● Extracted records
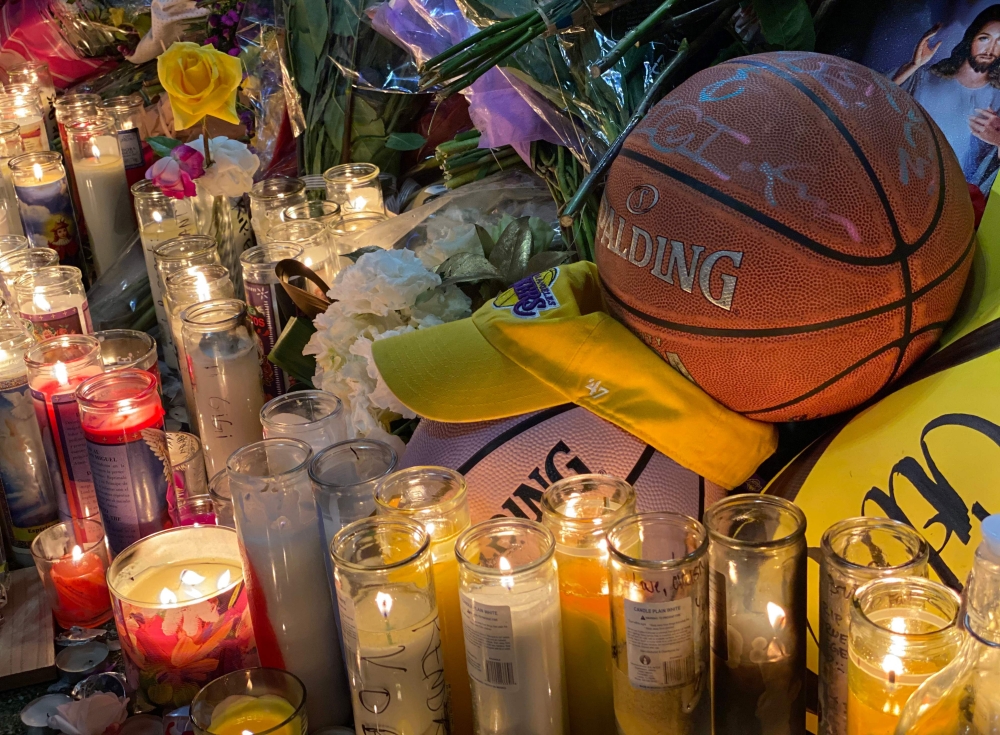 Candles are displayed at a makeshift memorial in front of a mural for former NBA and Los Angeles Lakers player Kobe Bryant in downtown Los Angeles on January 26, 2020 as people pay tribute to the former basketball player following his death in a helicopte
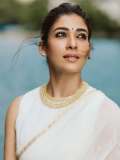nayanthara-in-white-saree-with-jasmine-flower-look-pics-001
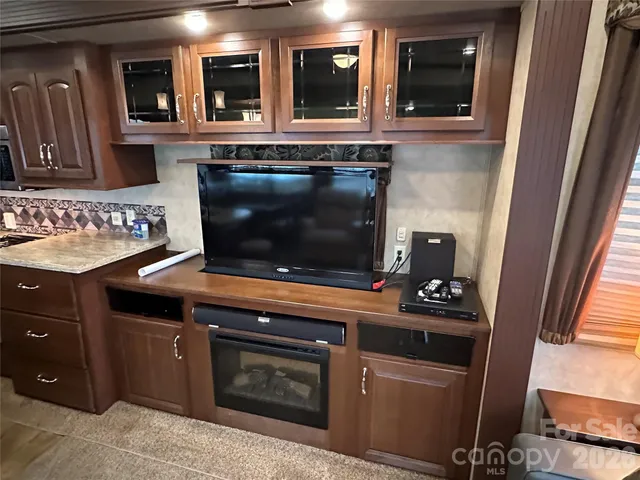 a kitchen with a stove and a microwave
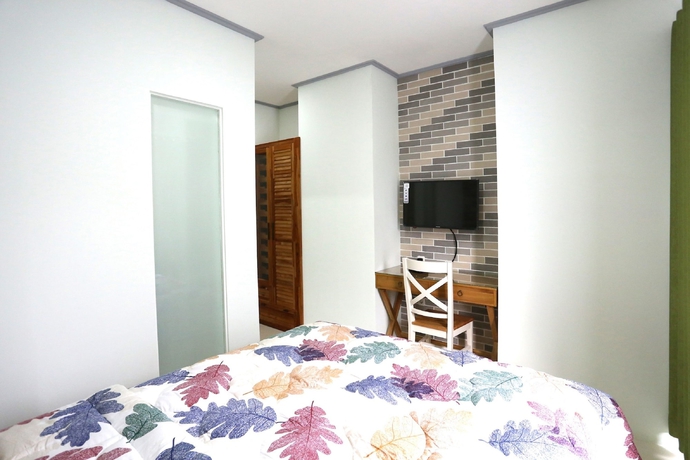 Imagen de la habitación del Hotel Urbanest Inn House Tb Simatupang. Foto 9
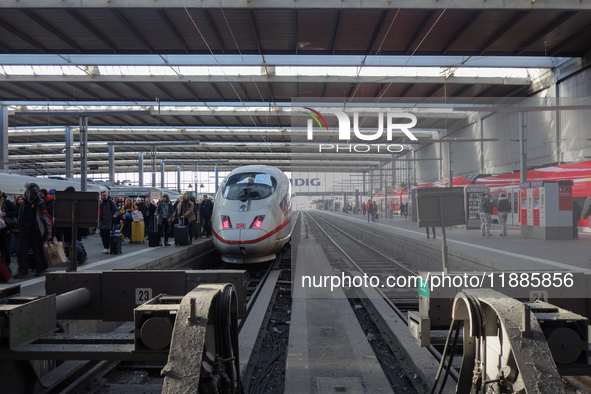 A regional train and an ICE train are at Munich Central Station in Bavaria, Germany, on December 21, 2024. Passengers get off the ICE train...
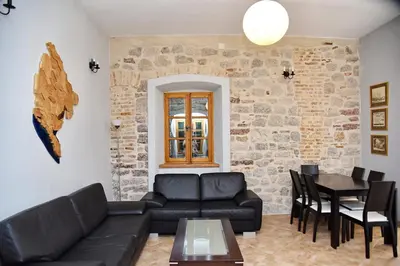 a living room with a couch and a table at Cozy 2 Bedroom Apartment in Antique Bizanti Palace in Kotor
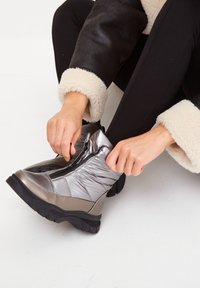 Botte de cheville isolée en argent et gris avec une finition brillante, fermeture éclair sur le côté et semelle noire texturée. Portée avec des leggings noirs et une veste à manche en fourrure.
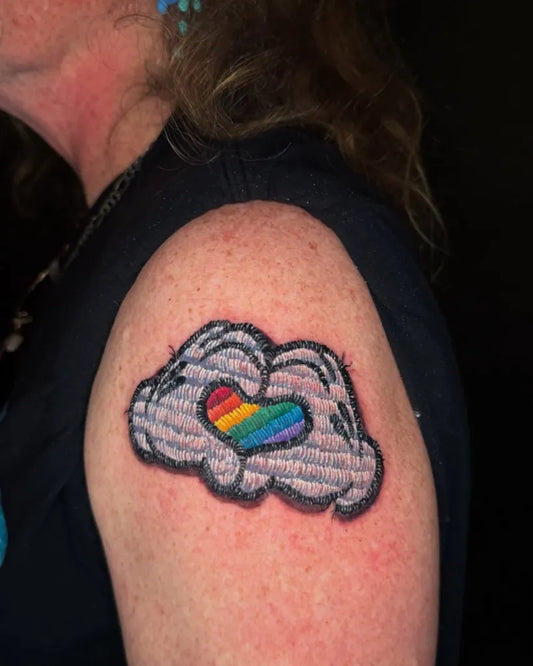 Small Embroidery Rainbow Heart in Cloud Tattoo on Women Arm by @missdtattoo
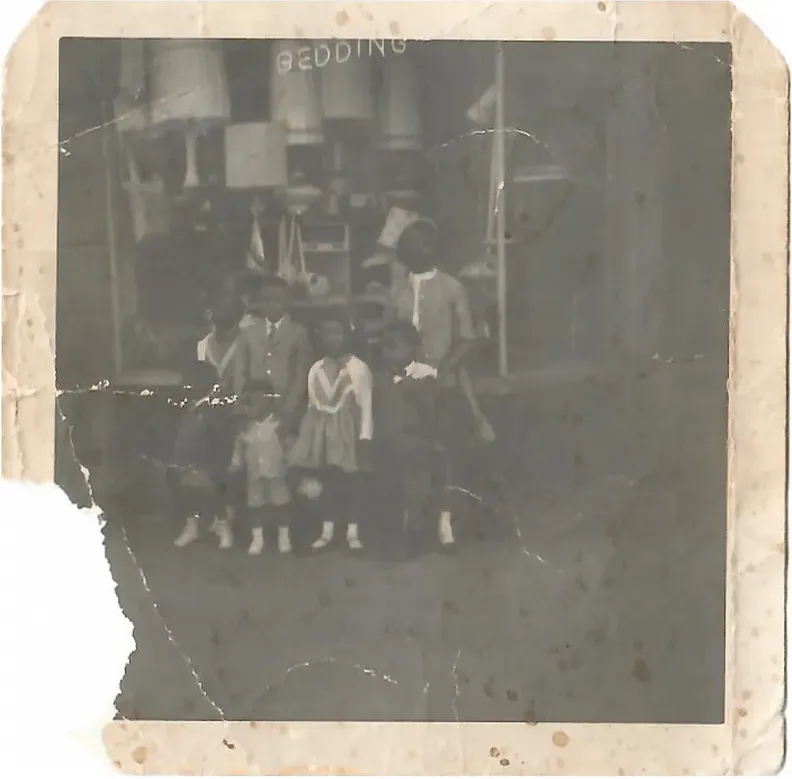 Original 1950s-1970s photograph showing creases and tears, before photo restoration by MemoryCherish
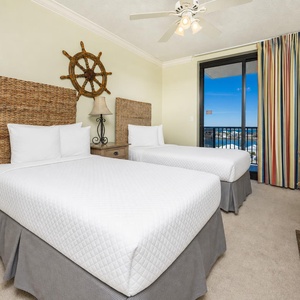 Guest suite with two twins offers serene water views through sliding doors to your balcony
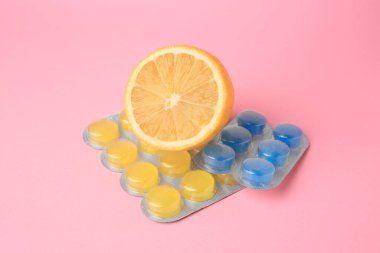Blisters with cough drops and fresh lemon on pink background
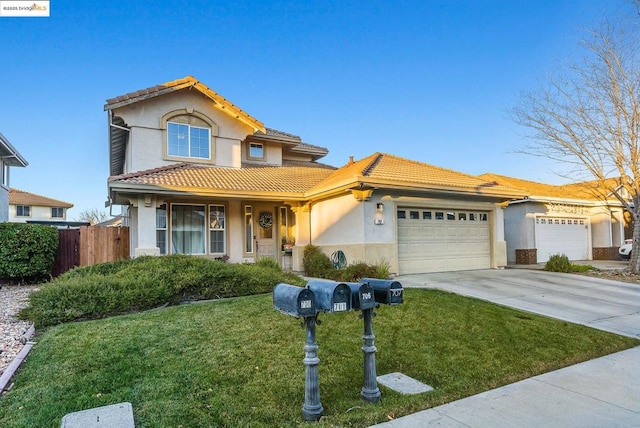 view of front of property with a garage and a front lawn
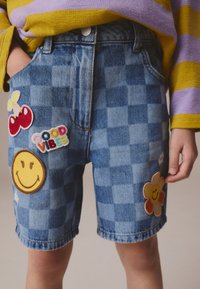 Short en jean avec un motif à carreaux, orné de patchs colorés : des cerises rouges, le texte "GOOD VIBES", un smiley et une fleur.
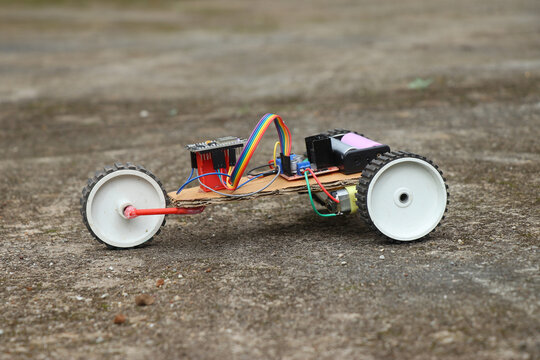 View of a robotic car having 3 wheels. Robot car that is controlled using a programmable micro controller board working prototype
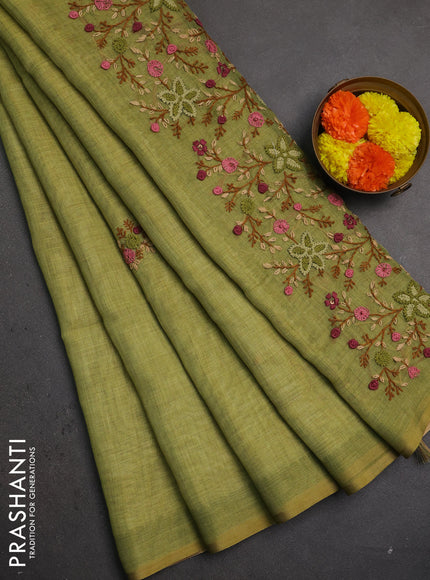 Linen saree light green with embroidery buttas and embroidery pallu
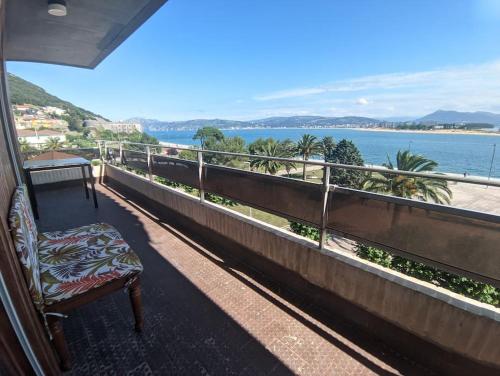 een stoel op een balkon met uitzicht op de oceaan bij Espectaculares Vistas in Santoña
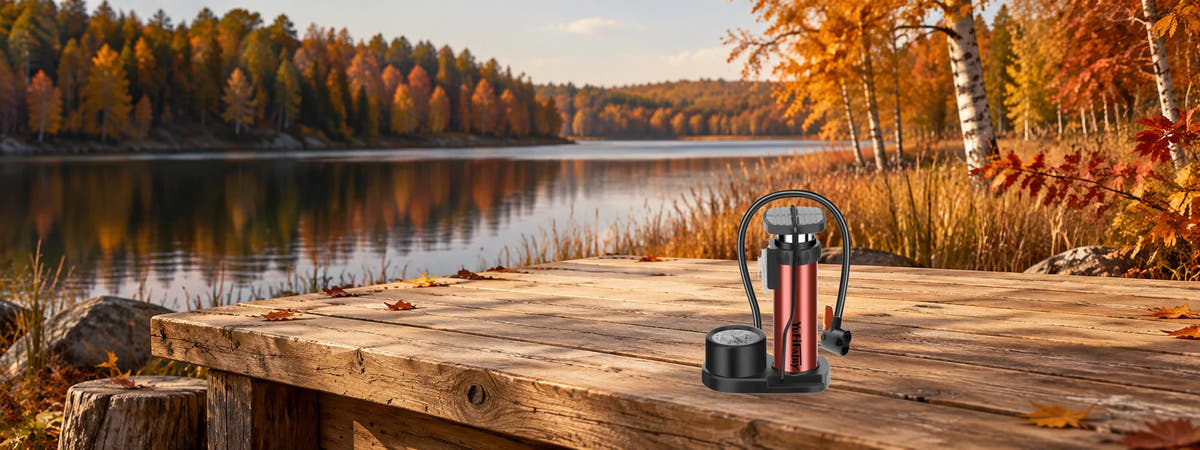 Red Foot-Operated Bicycle Pump with Pressure Gauge in an autumn setting for Bicycle Pumps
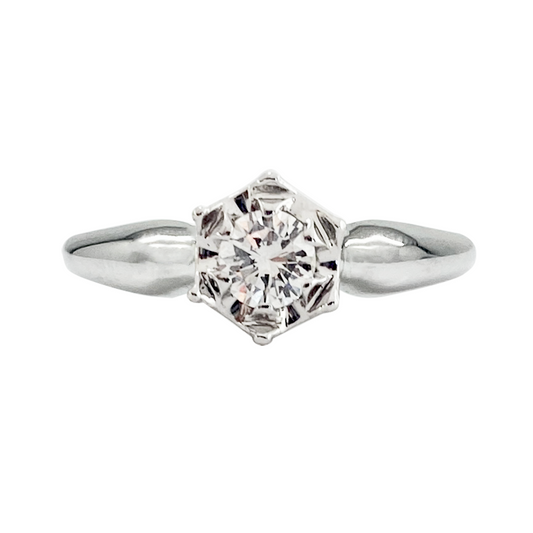 Silver engagement ring with a hexagonal setting and a round center stone.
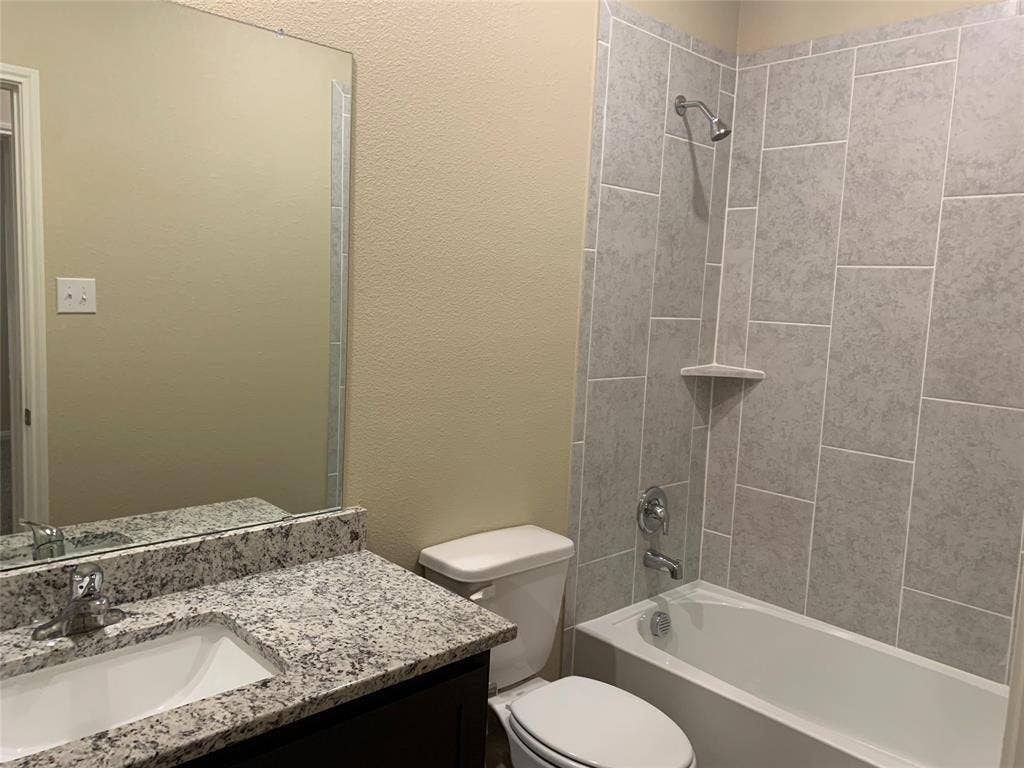 Vanity with built-in sink and stone-finish countertop, mirror with decorative trim, and shower-tub combination with tiled surround and built-in shelf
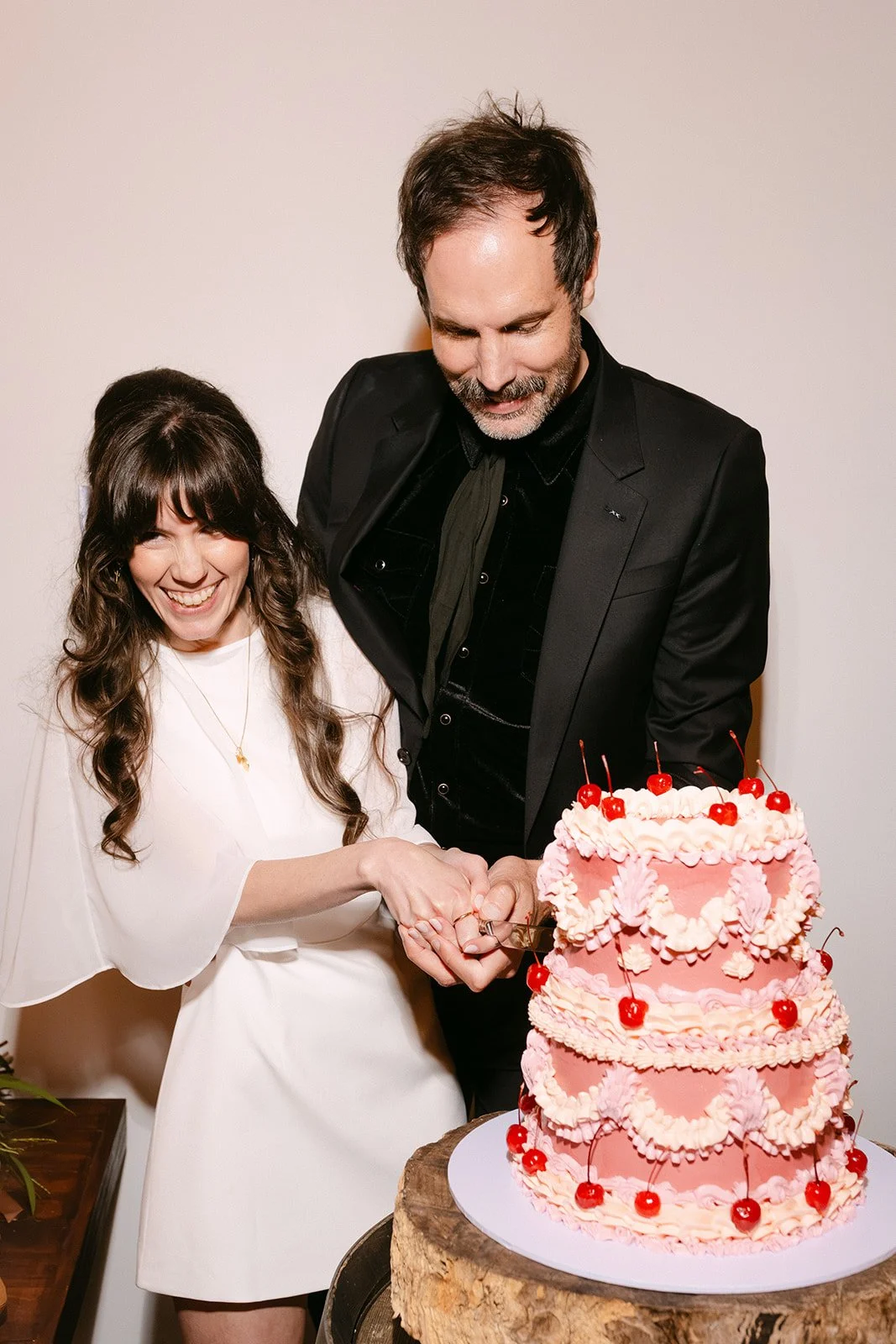 A woman and a man cutting a large, pink, three-tiered cake with cherries on top, at a celebration.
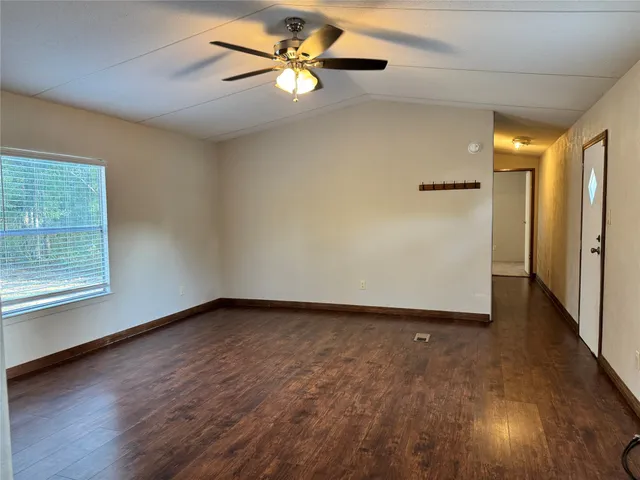 an empty room with a window and a ceiling fan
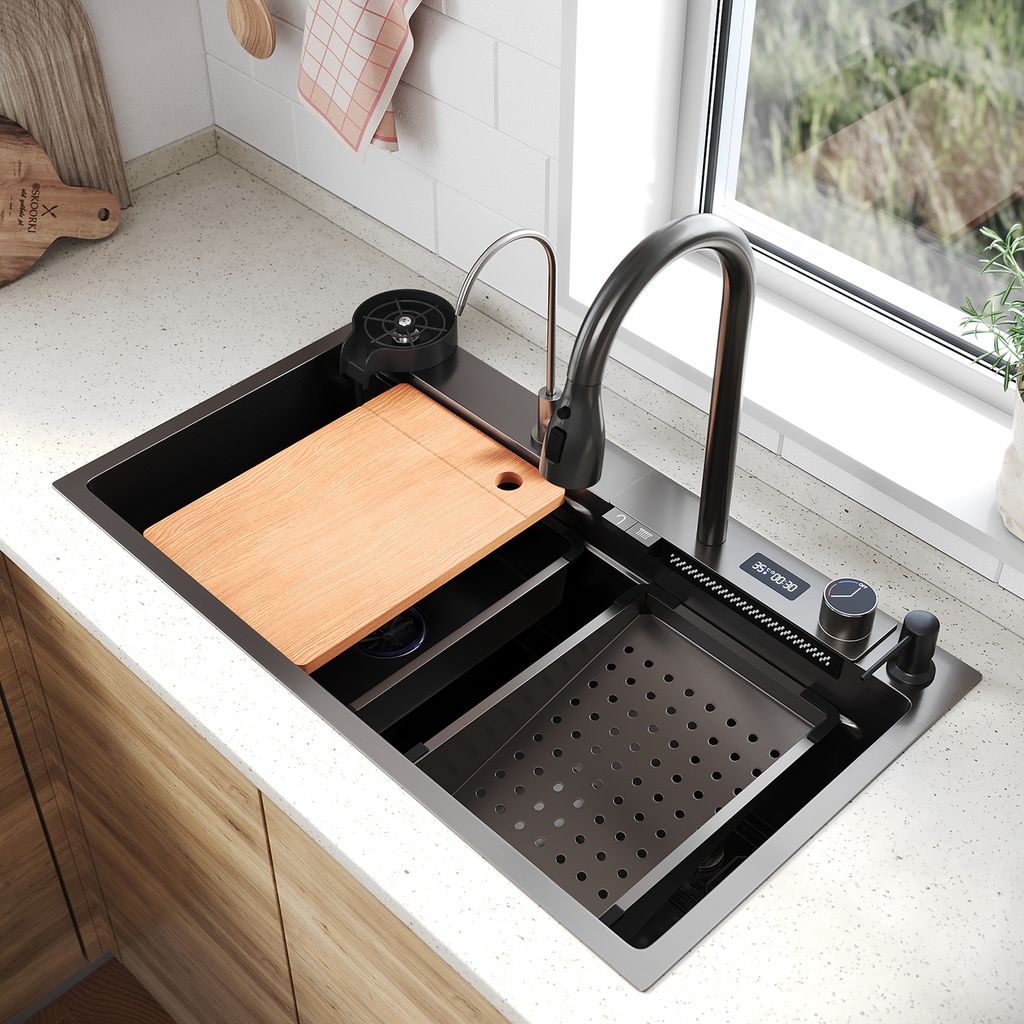 A modern kitchen sink with accessories, set against a window with greenery outside.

● Requirement
Reproduce the listing word for word. Do not carry over the pictures.

● Exercise output
 Candles are displayed at a makeshift memorial in front of a mural for former NBA and Los Angeles Lakers player Kobe Bryant in downtown Los Angeles on January 26, 2020 as people pay tribute to the former basketball player following his death in a helicopte
nayanthara-in-white-saree-with-jasmine-flower-look-pics-001
 a kitchen with a stove and a microwave
 Imagen de la habitación del Hotel Urbanest Inn House Tb Simatupang. Foto 9
 A regional train and an ICE train are at Munich Central Station in Bavaria, Germany, on December 21, 2024. Passengers get off the ICE train...
 a living room with a couch and a table at Cozy 2 Bedroom Apartment in Antique Bizanti Palace in Kotor
 Botte de cheville isolée en argent et gris avec une finition brillante, fermeture éclair sur le côté et semelle noire texturée. Portée avec des leggings noirs et une veste à manche en fourrure.
 Small Embroidery Rainbow Heart in Cloud Tattoo on Women Arm by @missdtattoo
 Original 1950s-1970s photograph showing creases and tears, before photo restoration by MemoryCherish
 Guest suite with two twins offers serene water views through sliding doors to your balcony
Blisters with cough drops and fresh lemon on pink background
 view of front of property with a garage and a front lawn
 Short en jean avec un motif à carreaux, orné de patchs colorés : des cerises rouges, le texte "GOOD VIBES", un smiley et une fleur.
 View of a robotic car having 3 wheels. Robot car that is controlled using a programmable micro controller board working prototype
 Linen saree light green with embroidery buttas and embroidery pallu
 een stoel op een balkon met uitzicht op de oceaan bij Espectaculares Vistas in Santoña
 Red Foot-Operated Bicycle Pump with Pressure Gauge in an autumn setting for Bicycle Pumps
 Silver engagement ring with a hexagonal setting and a round center stone.
 Vanity with built-in sink and stone-finish countertop, mirror with decorative trim, and shower-tub combination with tiled surround and built-in shelf
 A woman and a man cutting a large, pink, three-tiered cake with cherries on top, at a celebration.
 an empty room with a window and a ceiling fan
 A modern kitchen sink with accessories, set against a window with greenery outside.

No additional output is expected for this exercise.